May Recognized As Hepatitis C Awareness Month

Contact: T.J. Bucholz (517) 241-2112
Agency: Community Health

May 1, 2006

Michigan Governor Jennifer M. Granholm has designated May as Hepatitis C Awareness Month in Michigan.

“Hepatitis C poses a significant threat to the health of Michigan residents,” said Janet Olszewski, Director of the Michigan Department of Community Health. “Public awareness and education is key to preventing this disease which ravages the liver.”

In recognition of this month, an educational program entitled “Hepatitis C: The Vision and the Voices” will be held for Michigan legislators and policymakers. The event, which is being co-sponsored by the American Liver Foundation – Michigan Chapter, Hepatitis C and Me, the Michigan Department of Community Health, and the Michigan Hepatitis C Foundation, will take place in Conference Rooms A, B, and C of the Capitol View Building on May 25th from 7:30 a.m. to 8:30 a.m.

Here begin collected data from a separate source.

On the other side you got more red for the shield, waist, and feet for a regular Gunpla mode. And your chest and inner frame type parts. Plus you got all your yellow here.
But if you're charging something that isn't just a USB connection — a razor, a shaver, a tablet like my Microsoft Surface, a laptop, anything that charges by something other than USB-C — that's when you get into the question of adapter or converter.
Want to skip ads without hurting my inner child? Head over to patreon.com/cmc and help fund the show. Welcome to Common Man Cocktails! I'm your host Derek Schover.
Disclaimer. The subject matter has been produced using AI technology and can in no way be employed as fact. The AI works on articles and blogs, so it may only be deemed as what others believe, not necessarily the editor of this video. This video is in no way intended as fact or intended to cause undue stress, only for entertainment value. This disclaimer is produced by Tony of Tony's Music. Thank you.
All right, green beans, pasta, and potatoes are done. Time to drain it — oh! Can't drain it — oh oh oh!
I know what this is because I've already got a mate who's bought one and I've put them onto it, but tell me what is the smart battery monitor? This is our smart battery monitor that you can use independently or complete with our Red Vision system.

“Hepatitis C: The Vision and the Voices” will present an overview of the disease of hepatitis C and will provide insights into the impact of this disease on individuals and the broader community. There will also be a delineation of the continuum of services that are needed to effectively address this disease.

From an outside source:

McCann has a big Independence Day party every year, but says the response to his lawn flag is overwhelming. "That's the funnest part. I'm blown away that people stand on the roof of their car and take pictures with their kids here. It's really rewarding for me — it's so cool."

Hepatitis C is the most common blood-borne infection with an estimated 160,000 Michigan residents currently infected with the virus that causes this disease. Seventy-five to 85 percent of individuals infected with the virus go on to develop chronic infection, which can result in damage to the liver, end-stage liver disease, and death.

The disease causes few, if any, symptoms making it hard for early detection. It is estimated that sixty to seventy percent of individuals infected with the virus do not know they are infected. Roughly 50 percent of individuals who are treated for hepatitis C will clear the virus from their body and for others, risk of progression can be prevented or delayed through early detection, appropriate medical management, and behavior change.

“Individuals who are infected with hepatitis C should be further evaluated by a physician,” says Dr. Peter Gulick, Director of the HIV/Hepatitis Clinic at Michigan State University and one of the presenters for the planned educational program. “This evaluation can help determine the extent of liver damage and can be used to make decisions regarding whether treatment is indicated.”